2025-05-05 07:57:30

Geçen haftaya damgasını vuranlar!

Mehmet FİSKECİ

mfiskeci_kimlik@hotmail.com 05 Mayıs 2025, 07:57

Kahramanmaraş siyaseti de ülke siyaseti gibi hareketli, her gün değil, her saat gündemin değiştiğine tanık olduğumuzdan olsa gerek, haberlere, toplantılara yetişmekte güçlük çekiyoruz. Olaylar, isimler gündeme mührünü vururken, bizim yereli, içimizde yaşananları yazmak gibi bir mecburiyetimiz var.

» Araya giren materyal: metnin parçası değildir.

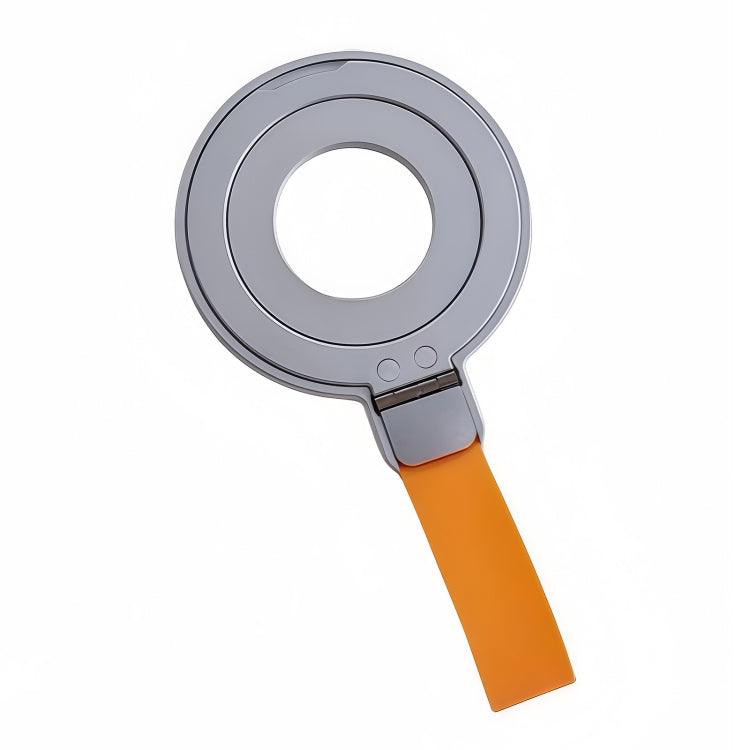 Metal Magsafe Magnetic Ring Silicone Band Phone Holder(Silver) - Ring Holder by buy2fix | Online Shopping UK | buy2fix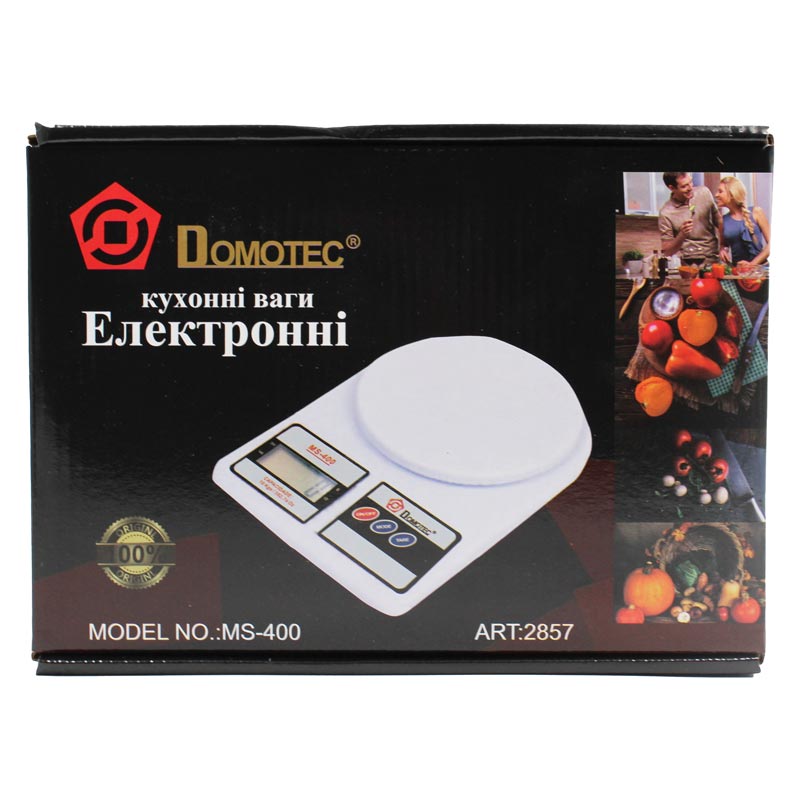 Кухонні ваги Domotec MS 400 до 10 кг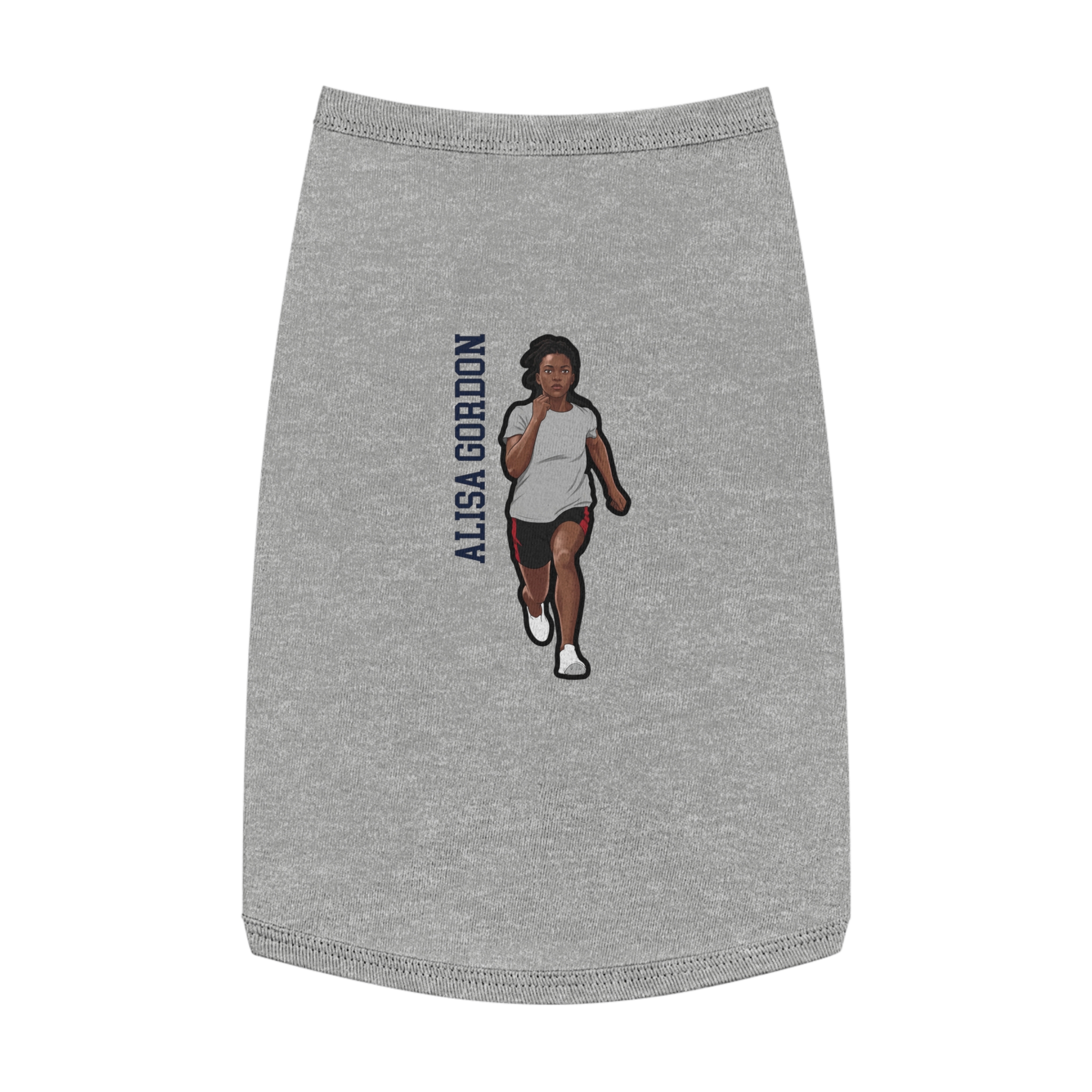 Pet Tank Top — character_name_vertical in White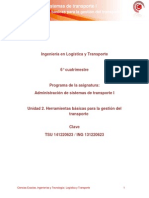 Unidad 2. Herramientas Basicas para La Gestion Del Transporte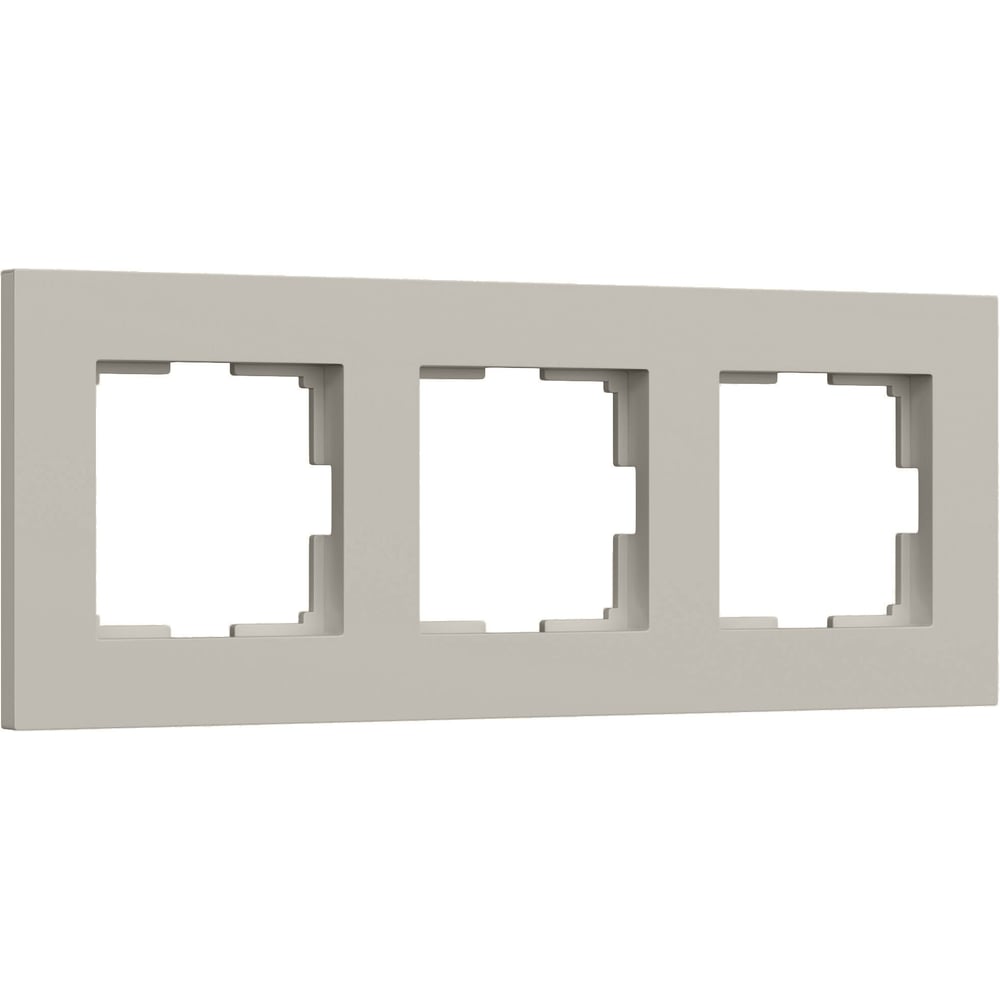 Изображение товара Рамка на 3 поста Werkel Slab W0032917 (дымчатый софт) a071626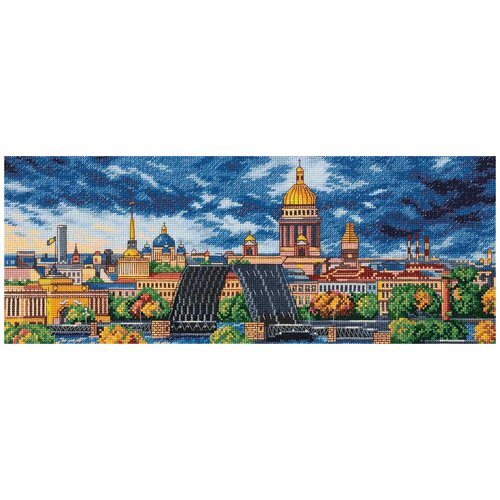 фото Набор для вышивания panna "утренний питер" 36.5x14 см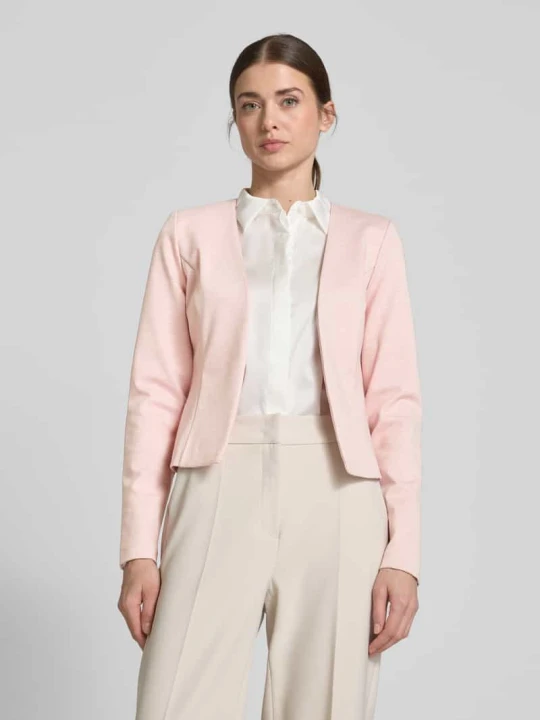 Zdjęcie produktu Żakiet o kroju regular fit z przodem bez zapięcia model ‘KATE’ Ichi Różowawy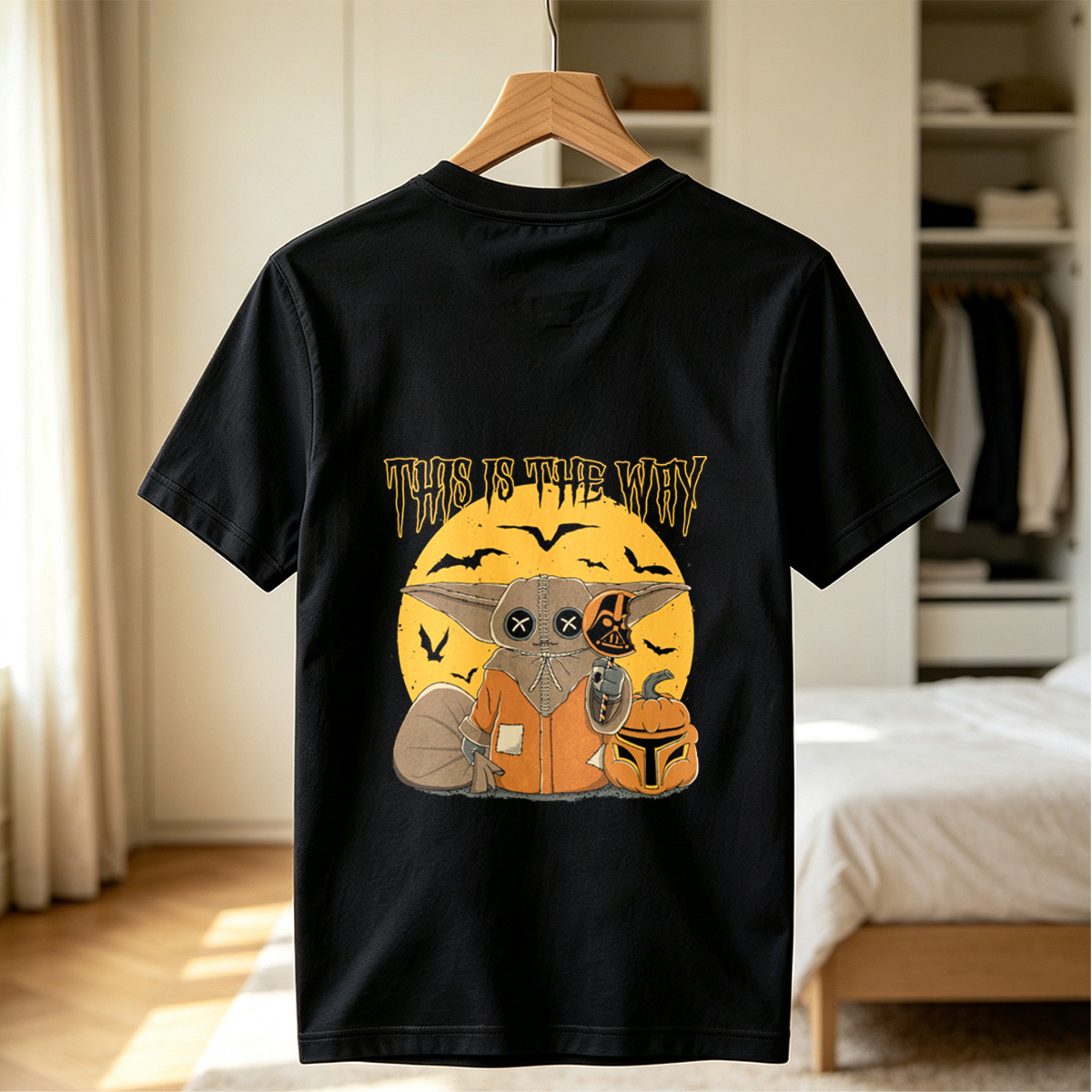 This Is The Way - Baby Yoda Halloween Star Wars Art - Tee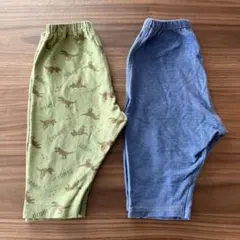 レギンス　90センチ　7分丈　UNIQLO 2枚セット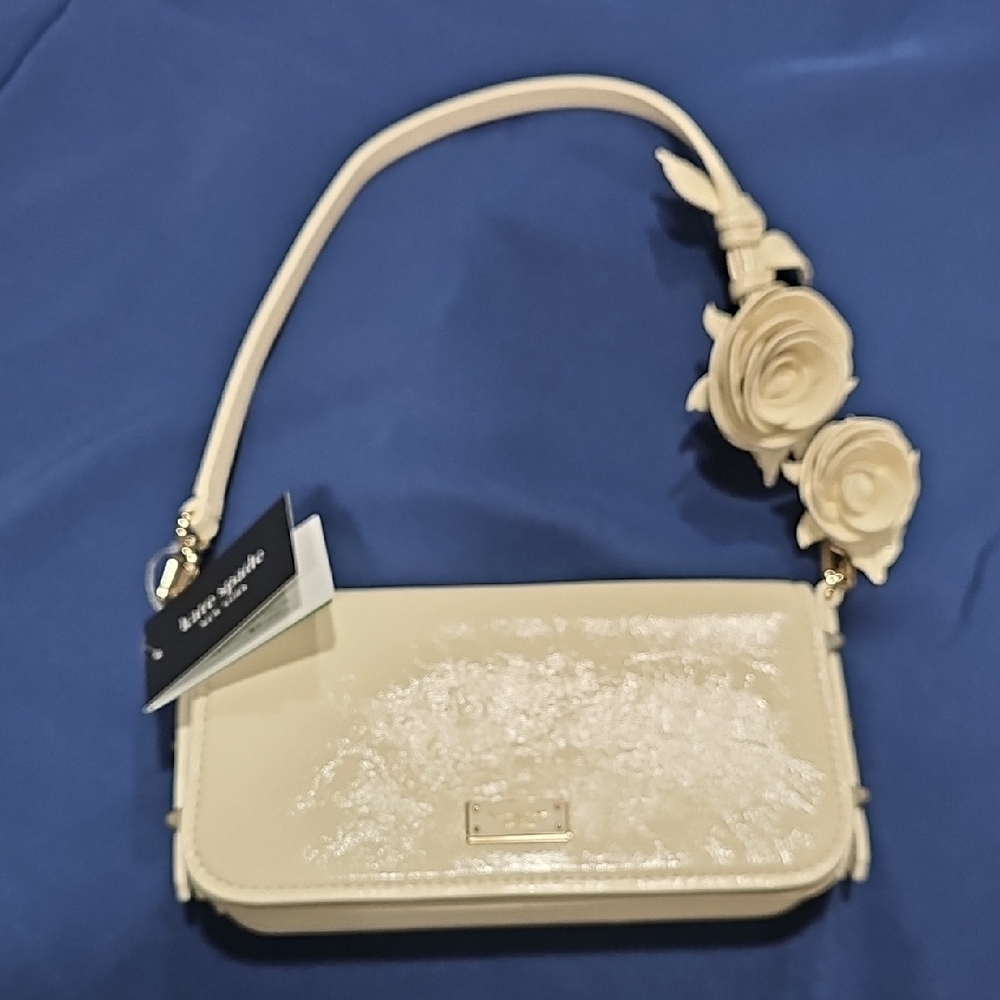 Kate Spade Beige Floral Wristlet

Unutmadan belirtmem gerekirse, hafta içinde kıymetli meslektaşım İbrahim Karadeniz bir paylaşım yapmıştı. İçimize girmiş, tehdit ve şantaj ile meslek etiğine darbe yapmış, ayak takımlarından, çapulculardan, kıytırık sözüm ona gazetecilerden kurtulmamız gerektiğine değinirken, bizleri, basın kuruluşlarını duyarlı olmaya davet etmiş.

Sonuna kadar hak veriyorum. Bu meselede yazmaktan çekinmeyen bendeniz, mevcutların içinde bir damlayım. Yalnız mıyım, hayır! Fakat kimse o topa girmek istemiyor, ‘bana değmeyen yılan bin yaşasın!’ mantığından hareketle, içimizdeki pislikleri temizlemeye kimse yanaşamıyor. Ne yazık ve acıdır ki, o yılanlar her geçen gün çoğalıyor, birilerini sokmaya devam ediyor.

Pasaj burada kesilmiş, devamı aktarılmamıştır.